Supplied data:
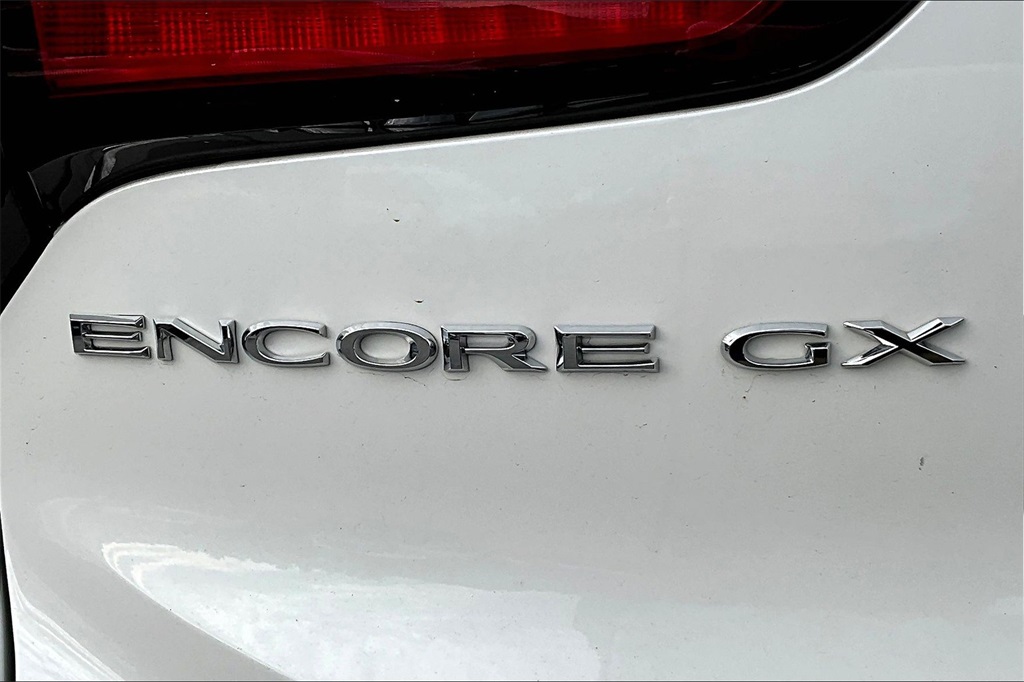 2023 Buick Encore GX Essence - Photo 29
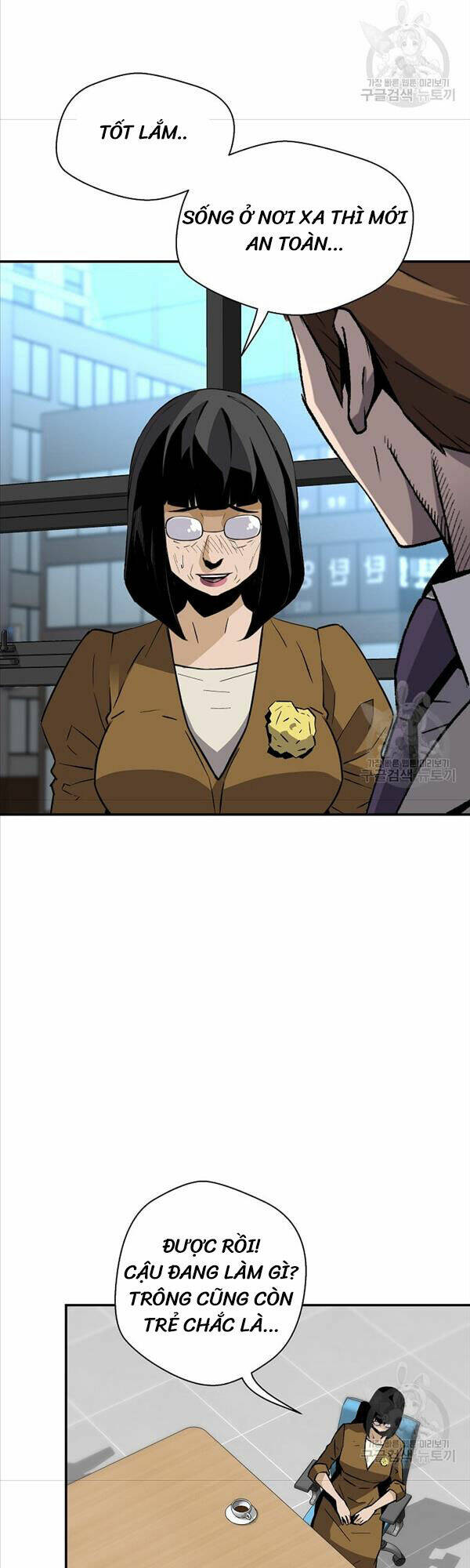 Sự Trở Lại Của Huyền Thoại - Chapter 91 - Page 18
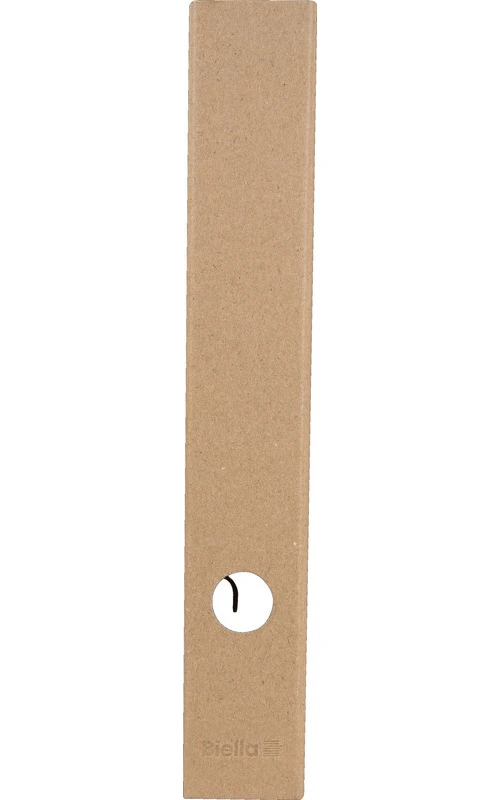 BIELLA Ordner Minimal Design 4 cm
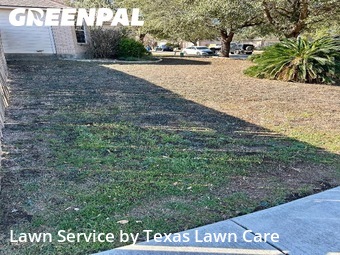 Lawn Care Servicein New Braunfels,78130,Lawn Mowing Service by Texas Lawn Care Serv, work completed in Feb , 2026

---

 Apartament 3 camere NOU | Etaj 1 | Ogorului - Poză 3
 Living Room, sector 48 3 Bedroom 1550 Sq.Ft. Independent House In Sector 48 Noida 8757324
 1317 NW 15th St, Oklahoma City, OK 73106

How to complete this task: Using the entries above, transcribe every line from the line containing "BIELLA Ordner Minimal Design 4 cm" through the line containing "Lawn Care Servicein". Do not copy pictures.

Result:
 BIELLA Ordner Minimal Design 4 cm
 Lawn Care Servicein New Braunfels,78130,Lawn Mowing Service by Texas Lawn Care Serv, work completed in Feb , 2026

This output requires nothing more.